● **DATA TO EXAMINE**:
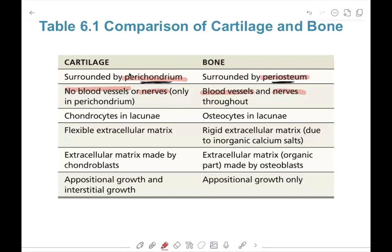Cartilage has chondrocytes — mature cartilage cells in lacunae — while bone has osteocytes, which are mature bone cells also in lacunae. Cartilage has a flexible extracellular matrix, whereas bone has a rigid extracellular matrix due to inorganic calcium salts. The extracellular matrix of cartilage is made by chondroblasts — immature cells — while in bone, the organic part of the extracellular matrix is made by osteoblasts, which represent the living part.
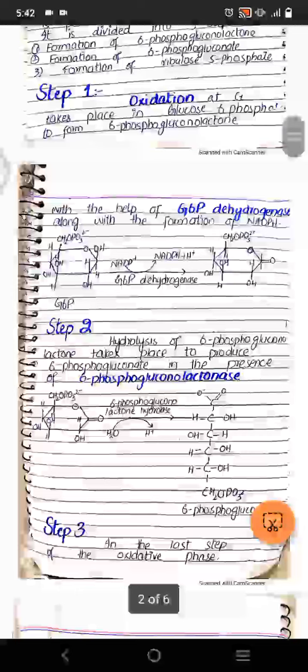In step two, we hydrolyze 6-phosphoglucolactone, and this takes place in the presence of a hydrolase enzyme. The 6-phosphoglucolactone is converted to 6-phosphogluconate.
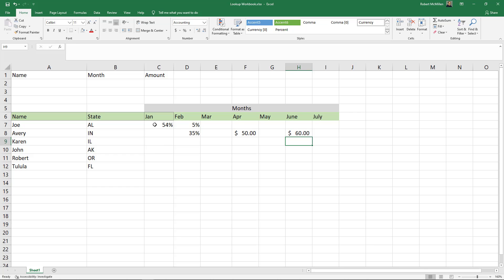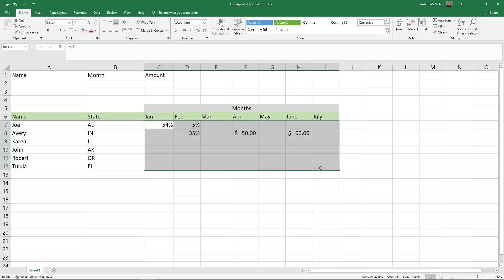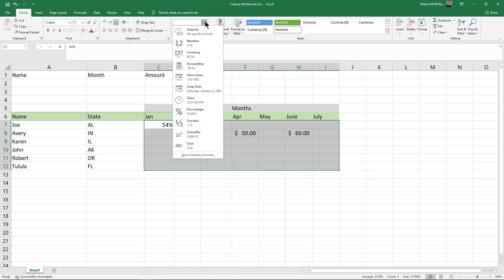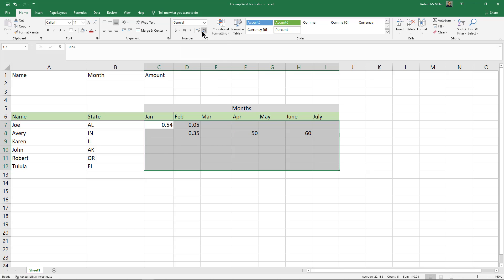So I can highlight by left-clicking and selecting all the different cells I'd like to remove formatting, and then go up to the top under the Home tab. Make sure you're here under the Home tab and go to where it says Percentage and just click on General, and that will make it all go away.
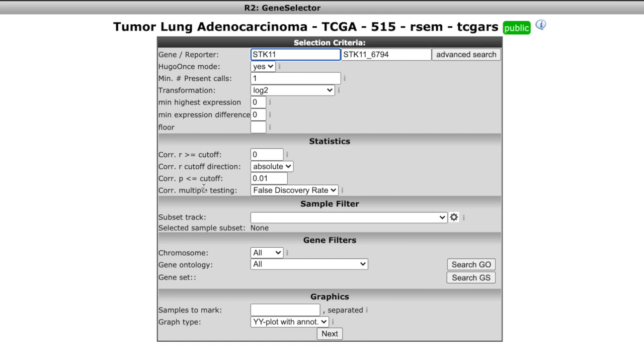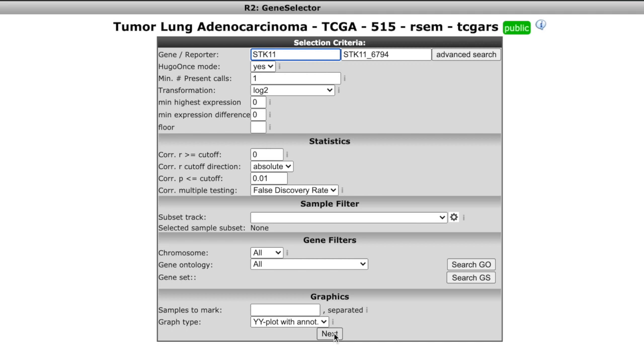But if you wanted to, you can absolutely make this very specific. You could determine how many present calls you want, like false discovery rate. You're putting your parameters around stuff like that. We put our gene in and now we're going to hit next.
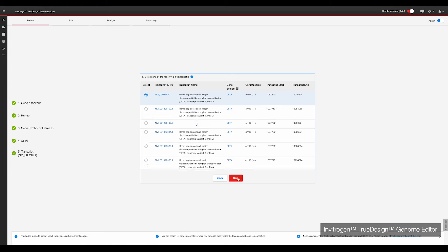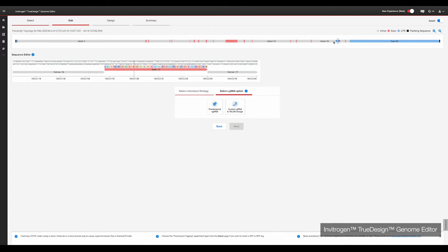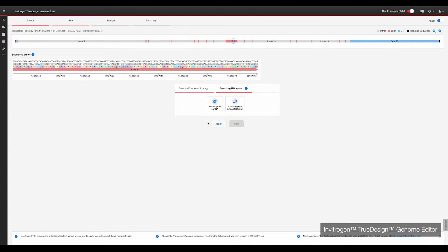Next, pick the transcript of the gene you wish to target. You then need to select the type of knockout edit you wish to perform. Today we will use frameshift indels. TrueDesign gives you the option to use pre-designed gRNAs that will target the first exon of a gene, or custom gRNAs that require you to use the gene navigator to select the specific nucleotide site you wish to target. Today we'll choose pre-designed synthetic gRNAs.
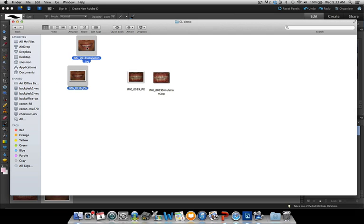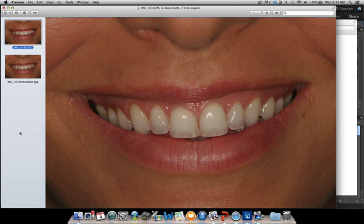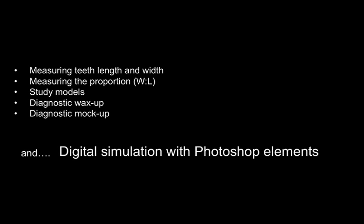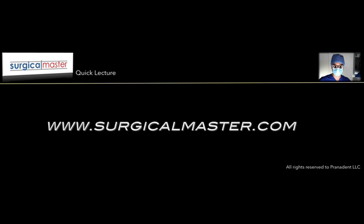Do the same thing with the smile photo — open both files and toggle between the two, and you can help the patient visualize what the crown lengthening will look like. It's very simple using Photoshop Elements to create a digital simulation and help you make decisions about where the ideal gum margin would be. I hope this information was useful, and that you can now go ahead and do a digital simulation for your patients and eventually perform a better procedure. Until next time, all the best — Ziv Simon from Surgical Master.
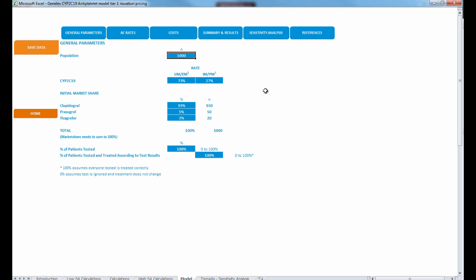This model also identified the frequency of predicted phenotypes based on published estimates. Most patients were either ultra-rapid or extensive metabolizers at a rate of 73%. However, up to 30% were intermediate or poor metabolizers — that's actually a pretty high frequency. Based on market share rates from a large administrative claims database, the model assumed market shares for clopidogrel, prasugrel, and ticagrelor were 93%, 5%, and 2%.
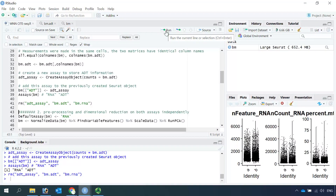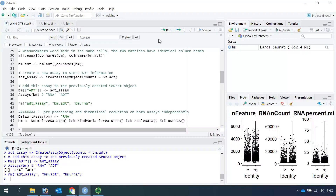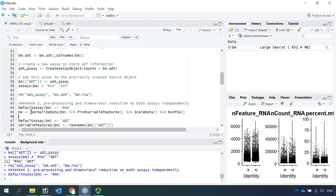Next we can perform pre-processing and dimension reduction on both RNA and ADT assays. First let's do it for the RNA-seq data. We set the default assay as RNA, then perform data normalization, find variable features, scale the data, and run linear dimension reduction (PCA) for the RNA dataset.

● **WHAT YOU SHOULD DO**:
All of the data needs repeating exactly, but the pictures do not.

● **ANSWER SECTION**:
Cartilage has chondrocytes — mature cartilage cells in lacunae — while bone has osteocytes, which are mature bone cells also in lacunae. Cartilage has a flexible extracellular matrix, whereas bone has a rigid extracellular matrix due to inorganic calcium salts. The extracellular matrix of cartilage is made by chondroblasts — immature cells — while in bone, the organic part of the extracellular matrix is made by osteoblasts, which represent the living part.
In step two, we hydrolyze 6-phosphoglucolactone, and this takes place in the presence of a hydrolase enzyme. The 6-phosphoglucolactone is converted to 6-phosphogluconate.
So I can highlight by left-clicking and selecting all the different cells I'd like to remove formatting, and then go up to the top under the Home tab. Make sure you're here under the Home tab and go to where it says Percentage and just click on General, and that will make it all go away.
But if you wanted to, you can absolutely make this very specific. You could determine how many present calls you want, like false discovery rate. You're putting your parameters around stuff like that. We put our gene in and now we're going to hit next.
Next, pick the transcript of the gene you wish to target. You then need to select the type of knockout edit you wish to perform. Today we will use frameshift indels. TrueDesign gives you the option to use pre-designed gRNAs that will target the first exon of a gene, or custom gRNAs that require you to use the gene navigator to select the specific nucleotide site you wish to target. Today we'll choose pre-designed synthetic gRNAs.
Do the same thing with the smile photo — open both files and toggle between the two, and you can help the patient visualize what the crown lengthening will look like. It's very simple using Photoshop Elements to create a digital simulation and help you make decisions about where the ideal gum margin would be. I hope this information was useful, and that you can now go ahead and do a digital simulation for your patients and eventually perform a better procedure. Until next time, all the best — Ziv Simon from Surgical Master.
This model also identified the frequency of predicted phenotypes based on published estimates. Most patients were either ultra-rapid or extensive metabolizers at a rate of 73%. However, up to 30% were intermediate or poor metabolizers — that's actually a pretty high frequency. Based on market share rates from a large administrative claims database, the model assumed market shares for clopidogrel, prasugrel, and ticagrelor were 93%, 5%, and 2%.
Next we can perform pre-processing and dimension reduction on both RNA and ADT assays. First let's do it for the RNA-seq data. We set the default assay as RNA, then perform data normalization, find variable features, scale the data, and run linear dimension reduction (PCA) for the RNA dataset.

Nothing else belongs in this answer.